Proposed zoning changes that would affect a pivotal part of Woodstock — the Gateway Overlay district at the eastern entrance to the hamlet, where Routes 375 and 212 converge — have prompted debate over the sometimes competing claims of cultural and architectural preservation, commercial vitality, and the rights of property owners.
As the debate proceeds, the use of a signature parcel in the district — the property at 105-109 Mill Hill Road, which is owned by Cyrus and Nancy Adler — is undergoing one actual change, an expansion of Cucina restaurant, while another, the construction of a hotel, is contemplated.
The proposed changes emerged from a district-by-district review of the local zoning law begun last year by a Town Board subcommittee composed of councilwomen Cathy Magarelli and Terrie Rosenblum. The subcommittee’s assignment was to determine whether portions of the law were outmoded, misguided, or otherwise in need of revision. Following a failed electoral bid for town supervisor, Rosenblum relinquished her Town Board seat at the end of 2011.
Among the Gateway Overlay (GO) district-related proposals discussed to date at the a series of informal workshop-type meetings are the elimination of the Overlay designation and the creation of a new Gateway District with its own table of permitted uses; a relaxation of a “cultural facilities” provision of the current GO district; and revised Special Use Permit (SUP) requirements for activities such as the demolition of existing buildings.
The subcommittee’s findings have been aired at Town Board meetings. Magarelli said in a recent interview that she has discussed various proposed zoning changes with the town’s Planning Board, Zoning Board of Appeals, Commission for Civic Design, and former planning specialist, Dara Trahan.
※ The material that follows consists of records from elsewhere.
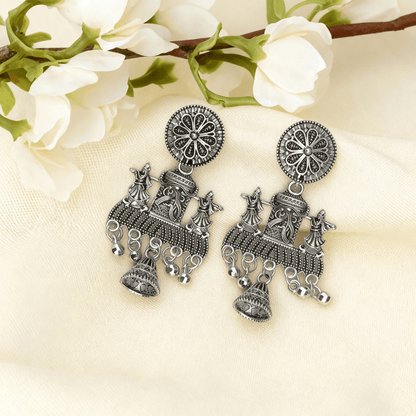 GUFS Gift Hamper 10 Jumkas + 2 Rings + 1 Kranchi + 11 Hair Clachers + 1 Love Letter with 3 photo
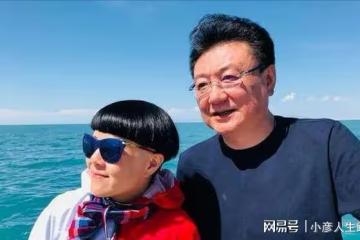 55歲金龜子回青島婆家！踩千元拖鞋獨自逛街，直言自己不是明星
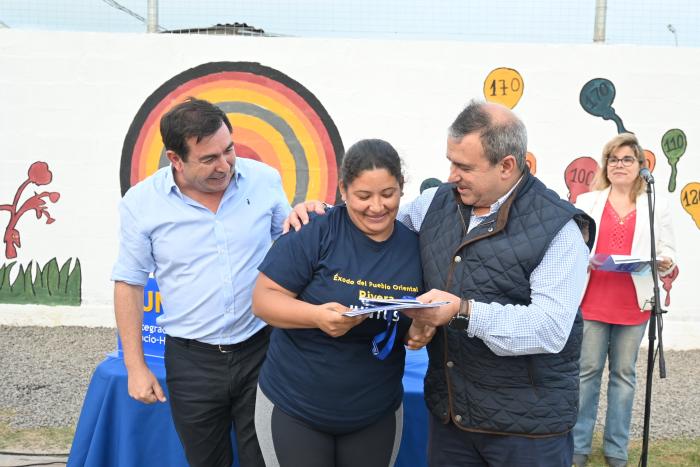 Entrega de viviendas en la ciudad de Rivera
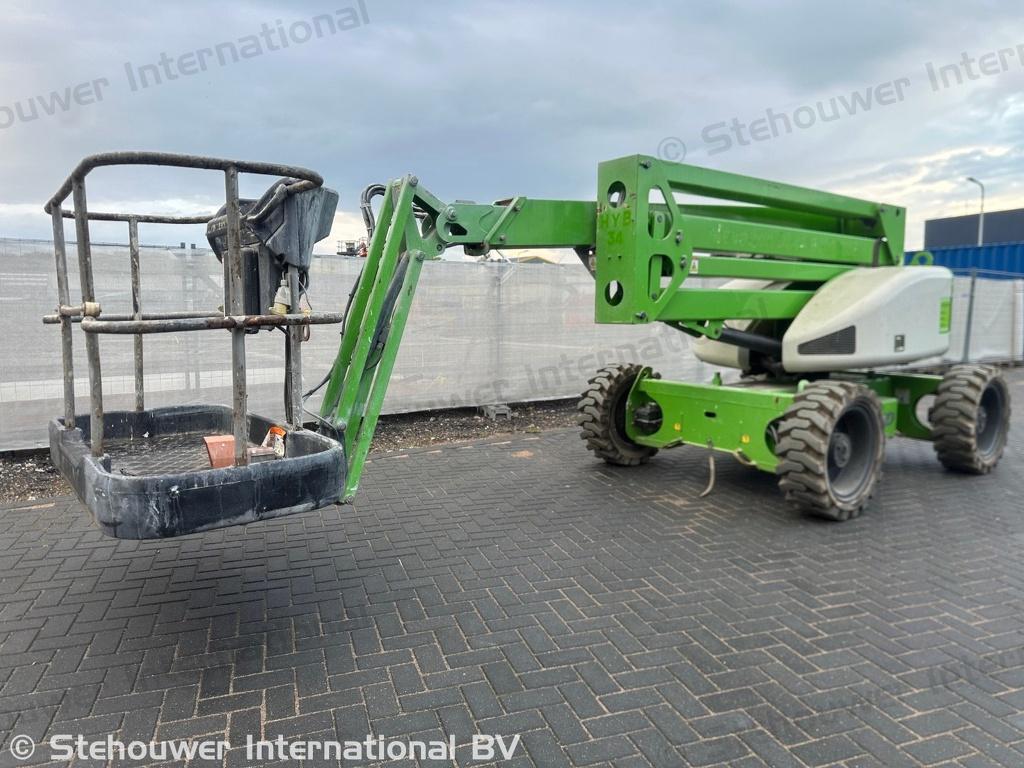 Niftylift HR17 Hybride hoogwerker 4WD Nifty Lift HR 17 4X4, Zakelijke goederen, Machines en Bouw | Liften, Steigers en Ladders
At its first meeting, on January 3 of this year, the new Town Board, at the behest of councilman Ken Panza, agreed to disband the subcommittee and halt the townwide zoning analysis, while allowing Magarelli to complete the review of the GO district. The next in a series of public, workshop-type meetings on the matter is scheduled to take place at 10:30 a.m. on January 17 at the town offices on Comeau Drive.
The GO is one of four overlay districts created in 1989, when the zoning law underwent its last major revision. The overlay districts are so designated because they overlie, and impose special conditions on standard residential, commercial, and light industrial zoning districts. The GO district is bounded roughly by Playhouse Lane on the west, Birch Lane on the south, Chestnut Hill Road on the east, and Edgewood Lane on the north.
The district includes the Woodstock Playhouse, Woodstock Elementary School, and Woodstock Golf Club. It also includes 105-109 Mill Hill Road, the approximately three-acre parcel owned since 1998 by Cyrus and Nancy Adler, which contains Cucina, the latest restaurant successor of the legendary Deanies, in the historic Riseley house; the “red barn” building that until recently housed a plumbing company and an art gallery; and a residence behind the restaurant.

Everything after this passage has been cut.